Posted by Word Camel on February 10, 2004

In Reply to: Sullivan? posted by Bob on February 10, 2004

: : : : As an old and obsolete engineer, a time worn expression comes to mind. We used it to provide a visual picture that people could use to make the mental connection between the design of a thing and what it was used for.
: : : : Years later, in business school, I read Alfred Sloans book on organization at General Motors, and he used a similar concept to describe how the form of an organization would be developed based on the business function to be executed.
: : : : Is there a source for this before Sloan...... I think he wrote in 1963, but I believe I had heard it long before.....?

: : : I have the notion that "Form follows function" was a watchword at the Bauhaus, the German school of architecture and design (Weimar and elsewhere, 1919-1933), but I don't have any sources that can confirm that.

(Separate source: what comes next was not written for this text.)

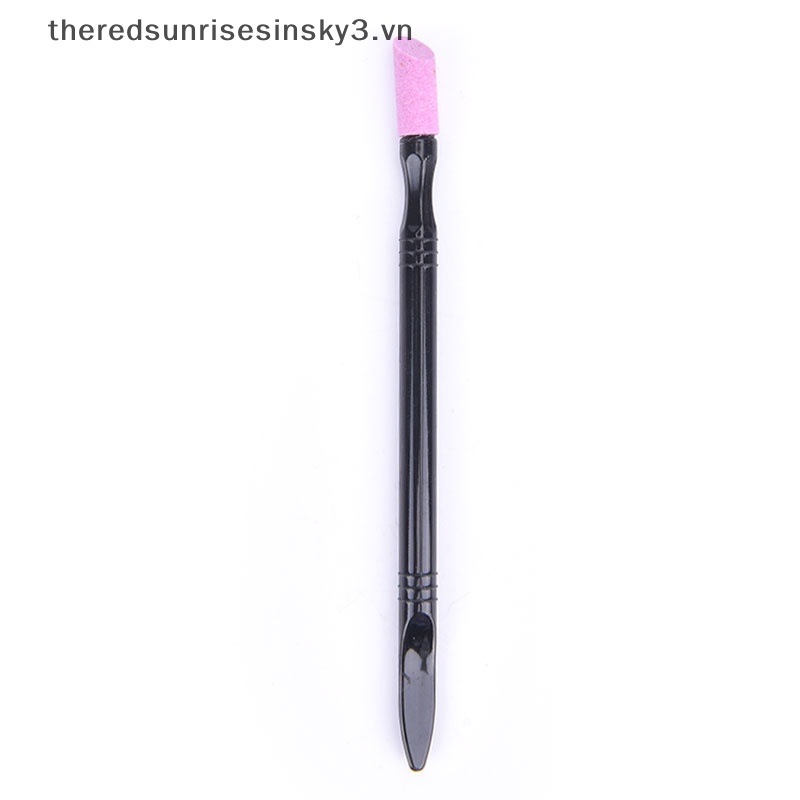 1 Cây Dũa Móng Tay Bằng Đá Thời Trang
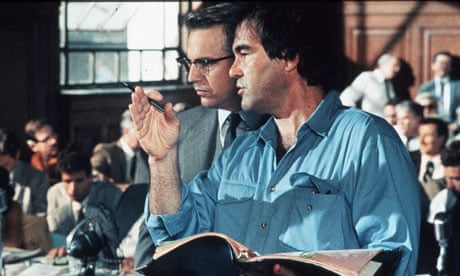 Oliver Stone's JFK: a basket case for conspiracy | Oliver Stone | The Guardian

Perhaps some other phrase finder can illuminate. SS

: : Yes, it was a Bauhaus principle. The saying is attributed to the architect Louis H. Sullivan, 1896.

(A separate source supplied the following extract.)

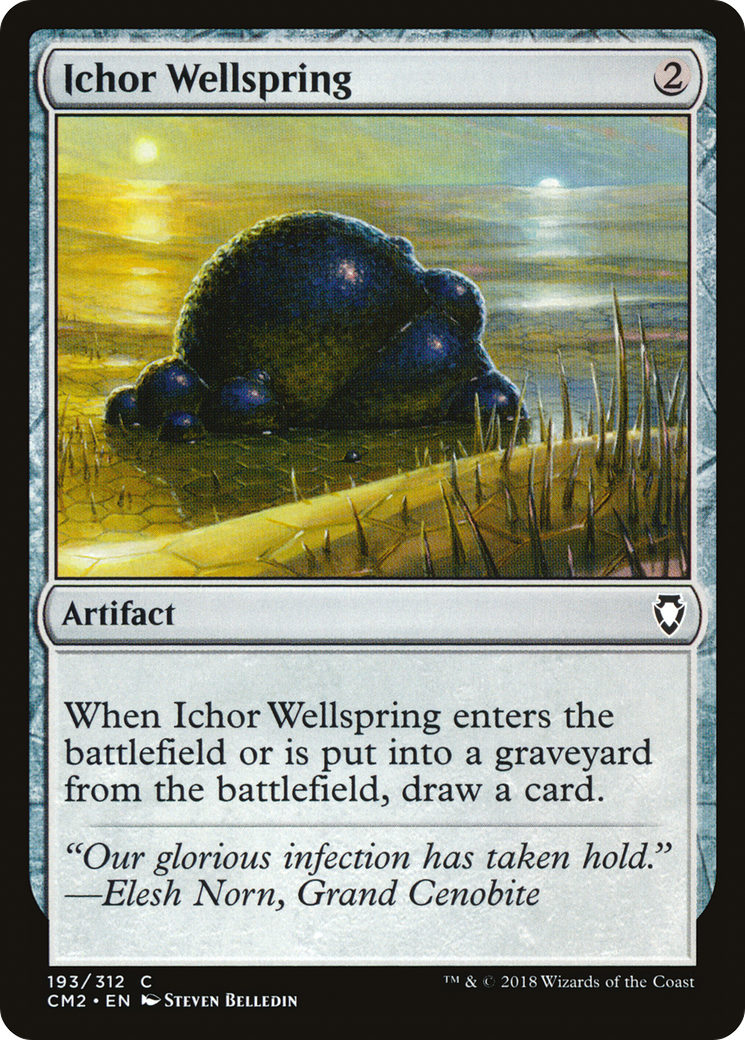 Ichor Wellspring (CM2-193)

: I had trouble getting the connection from Sullivan to the Bauhaus, which flourished decades after him, so I went Googling the phrase. It's attributed to Sullivan, all right, but also to a dozen other people, including Walter Gropius (aha! better time fit), a sculptor I never heard of, and (vaguely) to "the Bauhaus." Anybody have definitive evidence?

Sullivan was a member of the Chicago School, which differs from Bauhaus in that it uses neoclassical design elements. Bauhaus disparaged any use of decoration at all. The photo is one of Sullivan's buildings. Though it is structurally simple, it doesn't quite go as far as Bauhaus did in reducing buildings to their essential elements.

In contrast to Sullivan and others (Frank Lloyd Wright among them), Bauhaus takes the Chicago school a step further. Lugwig Mies Van Der Rohe, an influential modernist and one time director of the Bauhaus declared "Form IS function". He also coined the wonderful phrase, "Less is more".